In a tweet Tuesday morning, the president questions whether his "current" FBI director read the same report he did and remarks that “with that kind of attitude, he will never be able to fix the FBI.”
"I don’t know what report current Director of the FBI Christopher Wray was reading, but it sure wasn’t the one given to me. With that kind of attitude, he will never be able to fix the FBI, which is badly broken despite having some of the greatest men & women working there!" Trump tweeted.
This is hardly the first time the president has criticized the leadership of the FBI. Back in 2017, the president famously fired former then-FBI Director James Comey. But he then installed his own pick for the role with Wray.
The president's criticism of Wray comes the day after Wray, in an exclusive broadcast interview with ABC News, expressed support for the key findings of the IG’s report, even as the White House put a sharply different spin on the report’s findings.
"The Inspector General did not find political bias or improper motivations impacting the opening of the investigation or the decision to use certain investigative tools during the investigations,” Wray told ABC Justice Correspondent Pierre Thomas. “I think it's important that the inspector general found that in this particular instance the investigation was opened with appropriate predication and authorization."
Wray also pushed back on notion of "Deep State" within the FBI, even as the president has continued to push the narrative that there was a conspiracy against him and his campaign.
"I think that's the kind of label that's a disservice to the men and women who work at the FBI who I think tackle their jobs with professionalism, with rigor, with objectivity, with courage.
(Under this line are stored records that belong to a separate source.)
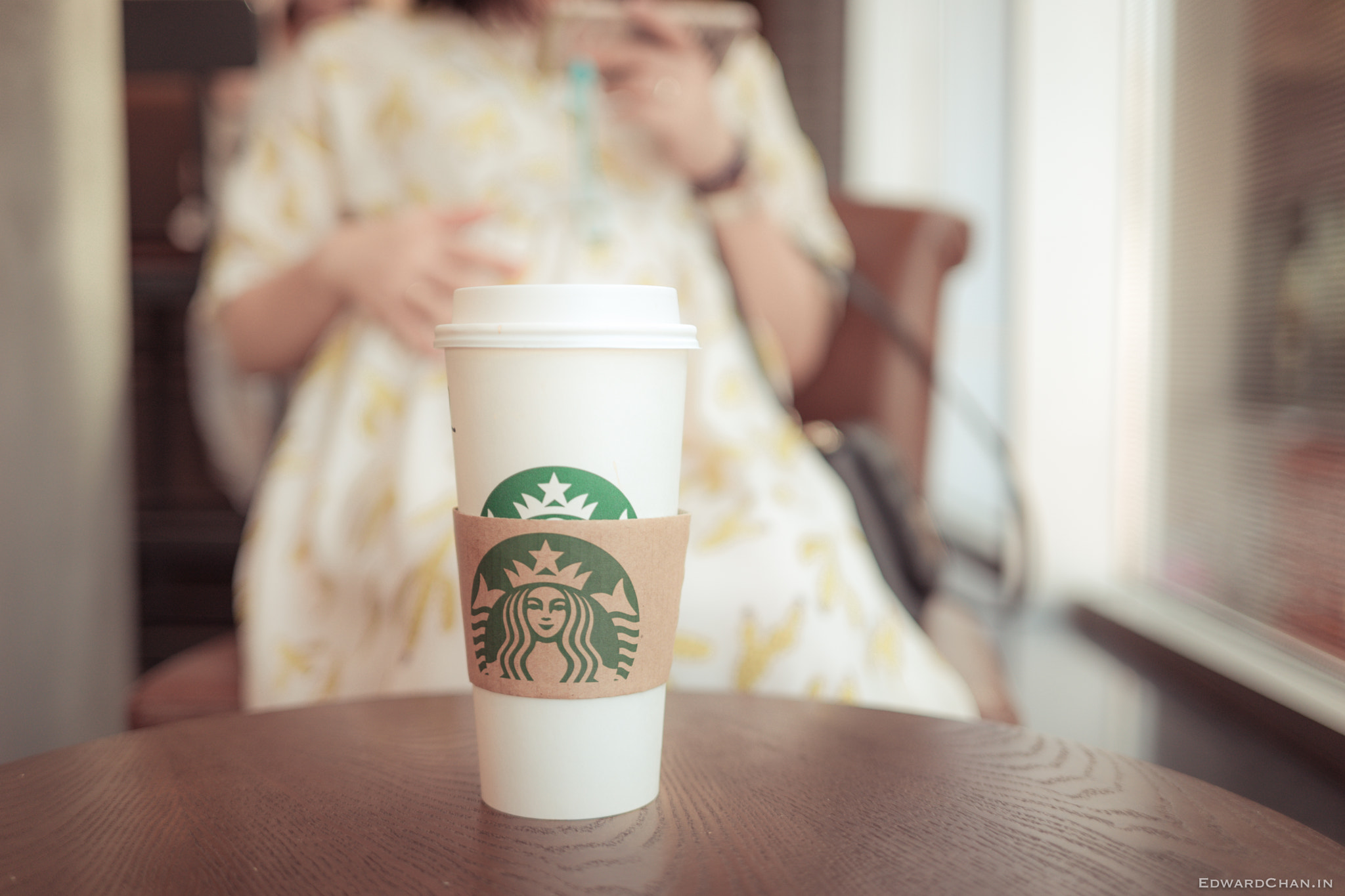 E 35mm F2 sample photo. In coffee shop photography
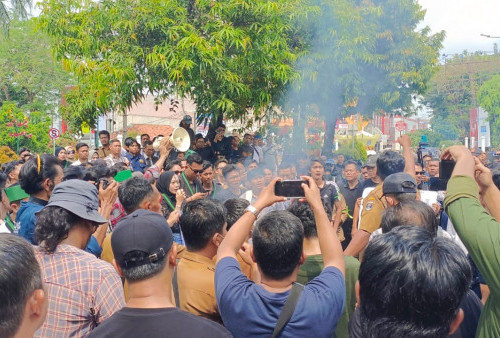 Janji Kampanye Walikota Disorot, Honorer dan Mahasiswa Gelar Aksi Unjuk Rasa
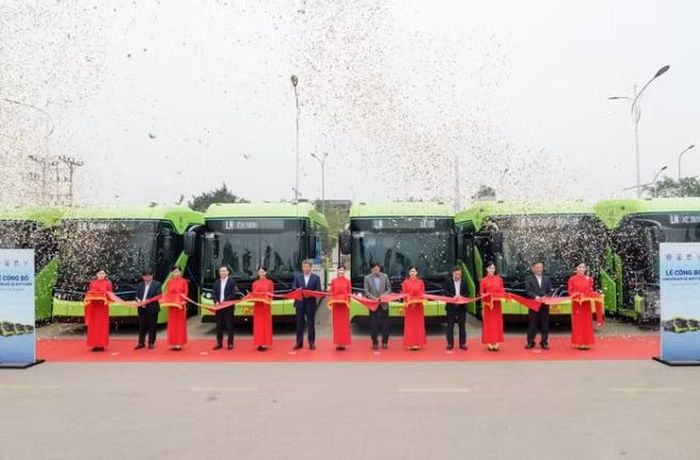 Công ty Cổ phần Vận tải và Dịch vụ Liên Ninh chuyển đổi 100% đội xe sang xe buýt điện. Ảnh: CTCC.
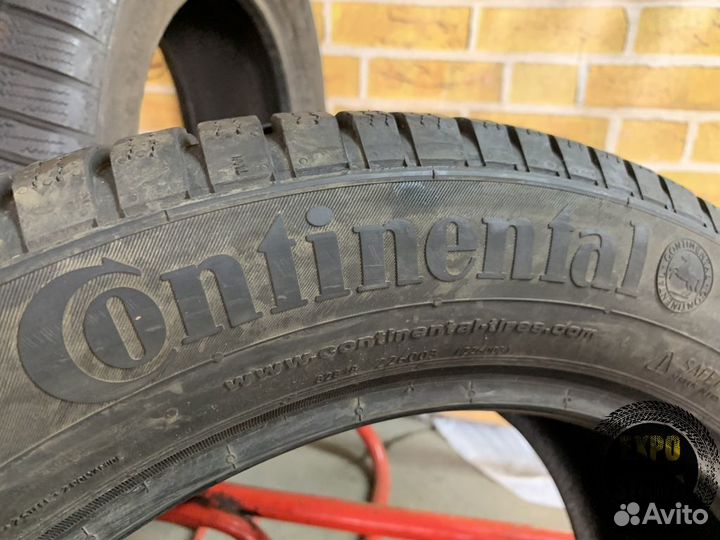 Continental ContiWinterContact TS 830 P 245/50 R18 104V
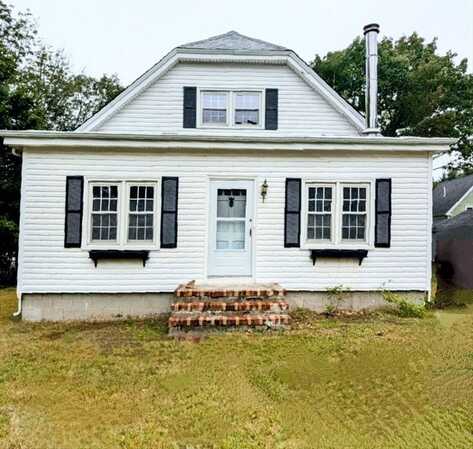 267 Hamlin St, Acushnet, MA 02743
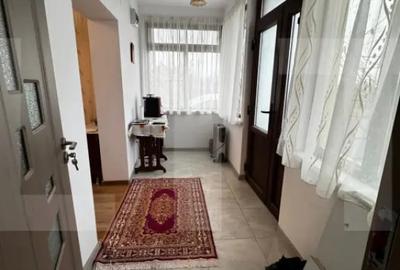 Casă cu 2 camere cu Teren 2930 Mp în Central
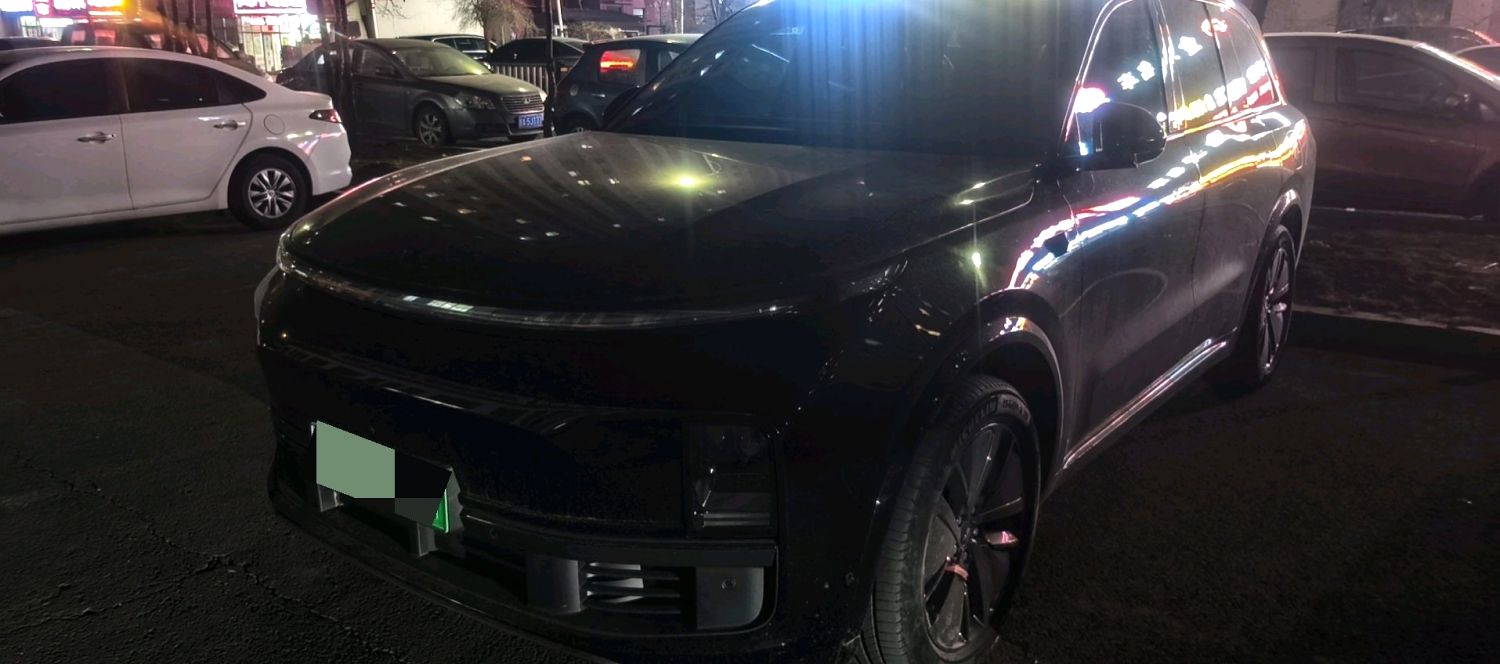 Li Auto L (Liter) 8 Max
So that's not a term I would ever use to describe our work force and I think it's an affront to them."
Wray’s defense of the report contradicted Trump's, who called the findings a “disgrace” and said the findings of the report were “far worse” than expected.
The president also claimed the report proved there was an “attempted overthrow” of government and said “a lot of people who were in on it, and they got caught. They got caught red-handed.”
“It’s a disgrace what’s happened with the things that were done to our country. It’s incredible, far worse than I would have ever thought possible.”